But if you're holding open 10, 000 WebSockets, you may be able to do the IO efficiently, but you will ultimately be growing that kind of memory and you'll hit some sort of barrier. Whereas, with this approach, you can basically offload that concurrency to the CDN layer.
So, it's not just about, being, basically taking away the query workload of the cached initial sync requests, but these kind of reverse proxies or CDNs have a really nice feature called request collapsing or request coalescing, which means that when they have a cache of requests come in on a URL, if they have Two clients making a request to the same URL at the same time, they sort of hold both of them at the cache layer and only send one request onto the origin server.
And so basically we've been able to scale out now to 10 million concurrent clients receiving real time data out of Electric on top of a single single Postgres. And there is literally no CPU overhead on the Postgres or the Electric layer. It's just entirely handled out of the CDN CDN serving.
And so it's sort of remarkable that the combination of the initial data load caching means that we, like one of our objectives is we want to be as fast as just querying the database directly for an initial data load and then orders of magnitude faster for anything that then subsequent requests coming out of the cache, but also this sort of challenge with. Almost like the, this thing about saying, okay, you're building an application.
You maybe want some of the user experience or developer experience affordances of local-first, but if to do that, I need a sync engine and a sync engine is kind of a complex thing. And so you end up either going, okay, maybe I'll sort of use an external system.

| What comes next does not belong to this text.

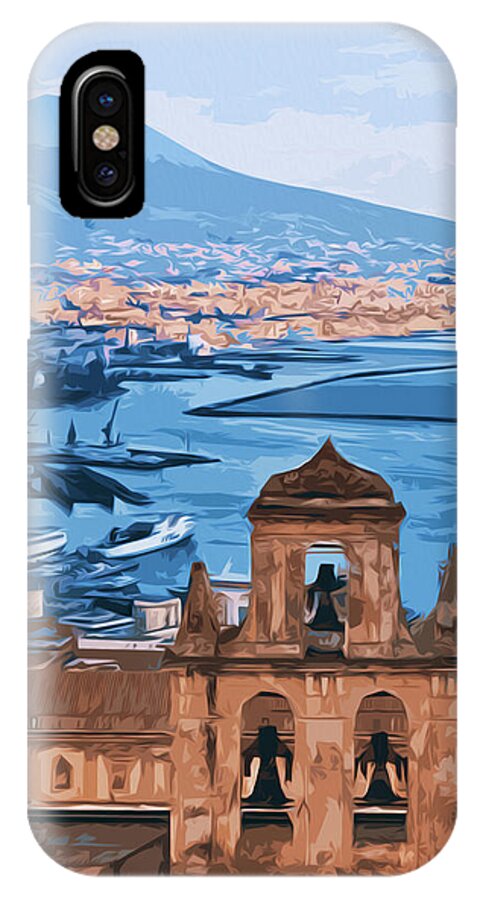 Landscape iPhone X Case featuring the painting Vesuvio, panorama from Naples by AM FineArtPrints
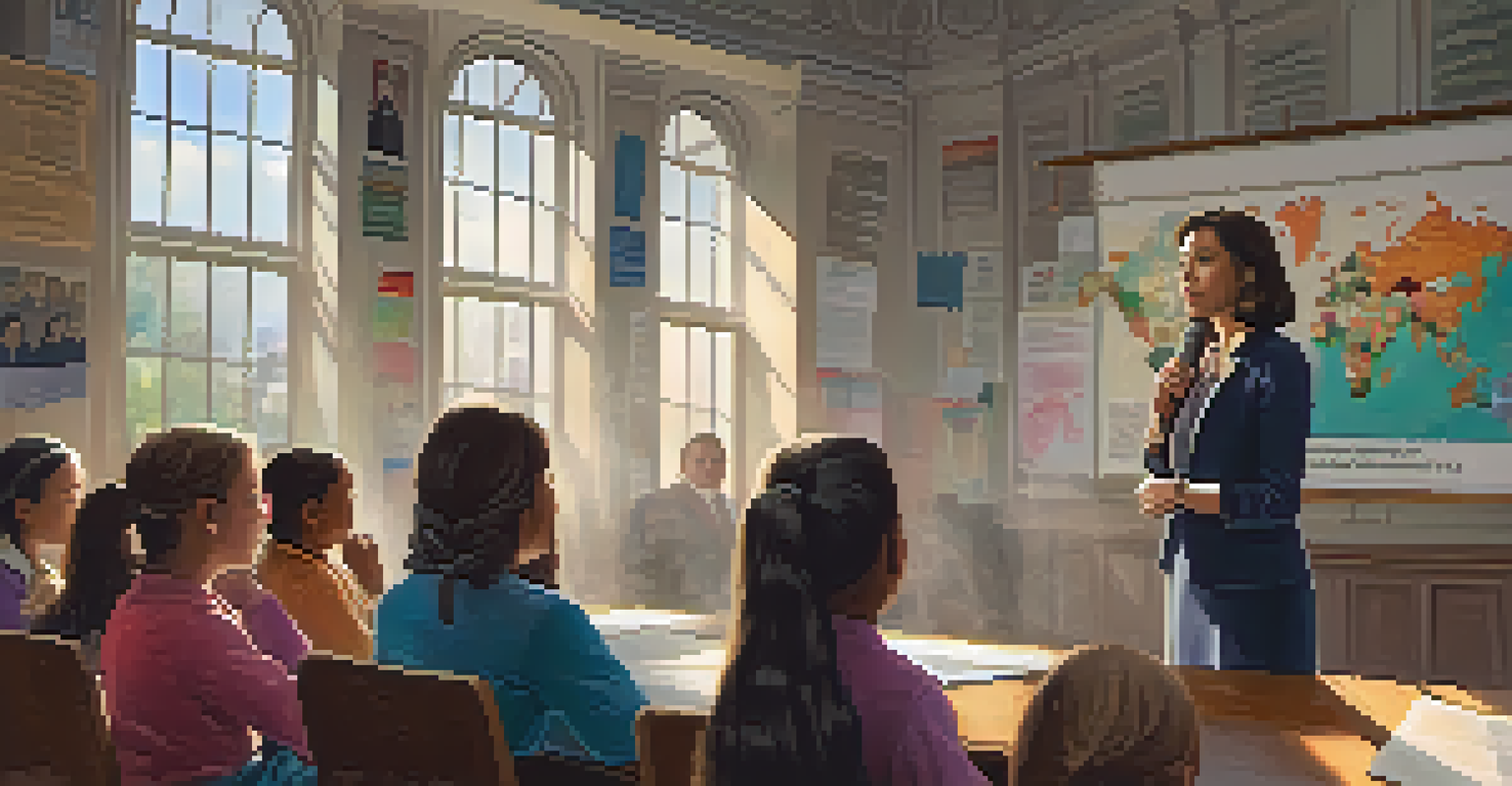 A female politician speaking to a group of young girls in a classroom, inspiring them with her message on leadership.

And then you get like, A siloed real time database in your main database and you get operational complexity, or you get some sort of system where you have, yeah, you're basically of stewarding these web sockets and it's very easy for it to fall over. And I think actually, like, if you just sort of honestly view that type of, architectural decision from the lens of like somebody trying to build a real project, which is their day job, trying to get stuff done.
You're just going to avoid that as much as you can, because like you'd far rather just like, I just want to serve this with Nginx. I know how that's going to work. I'm not going to stay up at night worrying about it. Whereas I have 10, 000 concurrent users going through some crazy WebSocket stuff. I'm going to get pager alerts. And so like the whole approach here with what we're trying to do is to change that sense that sync is a complex technology that you sort of.
Play with on the weekend and only adopt when you have to. So going, look, you can actually do sync in such a way that it is just as simple and standard as normal web service technology. And then suddenly you can actually unlock the ability for kind of real projects you know, you can take this stuff into a day job and not, get it shouted down at the design meeting. Cause it just feels like too much black box complexity. You're using the word simple here.
And I think that really speaks to me now, because it's both simple in terms of architecturally, like, how does data flow? so I think this is where Electric provides a very simple and I think easy to use and easy to work with trade off, like, how does data flow, but then it's also gives a very simple answer of like, how does it scale?
Since you can throw at it like all the innovations and all the hard work that has now gone into the like our web infrastructure for the last decades, you can run on the latest and greatest and all the innovations that Nginx and HAProxy and Cloudflare and like all the work that has into that. You can just piggyback on top of that without having to innovate on the networking side as well, since like you, you're really doing the hard work on the more semantic and data side.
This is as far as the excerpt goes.